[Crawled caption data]
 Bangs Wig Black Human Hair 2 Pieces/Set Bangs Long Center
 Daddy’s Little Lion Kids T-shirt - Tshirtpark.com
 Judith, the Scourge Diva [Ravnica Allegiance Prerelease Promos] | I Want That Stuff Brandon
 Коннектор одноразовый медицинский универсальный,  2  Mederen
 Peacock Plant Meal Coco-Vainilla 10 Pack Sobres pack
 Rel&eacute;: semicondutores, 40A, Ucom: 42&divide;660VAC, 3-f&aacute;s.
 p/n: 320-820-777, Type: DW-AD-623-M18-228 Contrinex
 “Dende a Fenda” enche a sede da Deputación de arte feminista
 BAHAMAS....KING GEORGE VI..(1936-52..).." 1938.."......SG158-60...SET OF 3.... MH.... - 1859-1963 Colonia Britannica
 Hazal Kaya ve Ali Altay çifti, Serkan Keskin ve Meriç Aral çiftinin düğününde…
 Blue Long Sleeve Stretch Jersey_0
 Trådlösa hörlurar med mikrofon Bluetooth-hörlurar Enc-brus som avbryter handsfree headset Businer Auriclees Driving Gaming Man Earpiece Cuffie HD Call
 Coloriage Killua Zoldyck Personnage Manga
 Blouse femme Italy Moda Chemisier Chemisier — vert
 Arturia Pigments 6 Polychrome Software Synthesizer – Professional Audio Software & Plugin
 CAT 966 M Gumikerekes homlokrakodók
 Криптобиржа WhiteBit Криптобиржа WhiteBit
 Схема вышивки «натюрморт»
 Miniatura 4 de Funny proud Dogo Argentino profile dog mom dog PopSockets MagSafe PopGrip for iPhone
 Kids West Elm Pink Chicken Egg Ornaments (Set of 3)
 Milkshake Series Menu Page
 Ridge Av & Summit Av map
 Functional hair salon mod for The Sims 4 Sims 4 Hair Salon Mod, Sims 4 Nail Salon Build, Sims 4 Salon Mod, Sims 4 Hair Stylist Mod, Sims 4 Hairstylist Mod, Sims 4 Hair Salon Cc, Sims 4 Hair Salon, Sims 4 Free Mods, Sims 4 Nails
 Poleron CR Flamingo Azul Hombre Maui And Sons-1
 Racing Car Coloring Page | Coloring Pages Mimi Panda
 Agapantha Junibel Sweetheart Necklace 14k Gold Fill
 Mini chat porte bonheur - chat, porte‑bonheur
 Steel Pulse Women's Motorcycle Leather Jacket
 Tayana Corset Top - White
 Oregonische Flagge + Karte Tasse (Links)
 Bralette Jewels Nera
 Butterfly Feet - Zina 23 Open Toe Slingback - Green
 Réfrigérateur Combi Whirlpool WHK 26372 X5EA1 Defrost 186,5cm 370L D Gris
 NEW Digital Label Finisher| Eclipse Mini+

**Assignment**
Exactly the lines from the one containing "Racing Car Coloring" through the last line of the records are to be transcribed, both endpoints included.

**Written answer**
 Racing Car Coloring Page | Coloring Pages Mimi Panda
 Agapantha Junibel Sweetheart Necklace 14k Gold Fill
 Mini chat porte bonheur - chat, porte‑bonheur
 Steel Pulse Women's Motorcycle Leather Jacket
 Tayana Corset Top - White
 Oregonische Flagge + Karte Tasse (Links)
 Bralette Jewels Nera
 Butterfly Feet - Zina 23 Open Toe Slingback - Green
 Réfrigérateur Combi Whirlpool WHK 26372 X5EA1 Defrost 186,5cm 370L D Gris
 NEW Digital Label Finisher| Eclipse Mini+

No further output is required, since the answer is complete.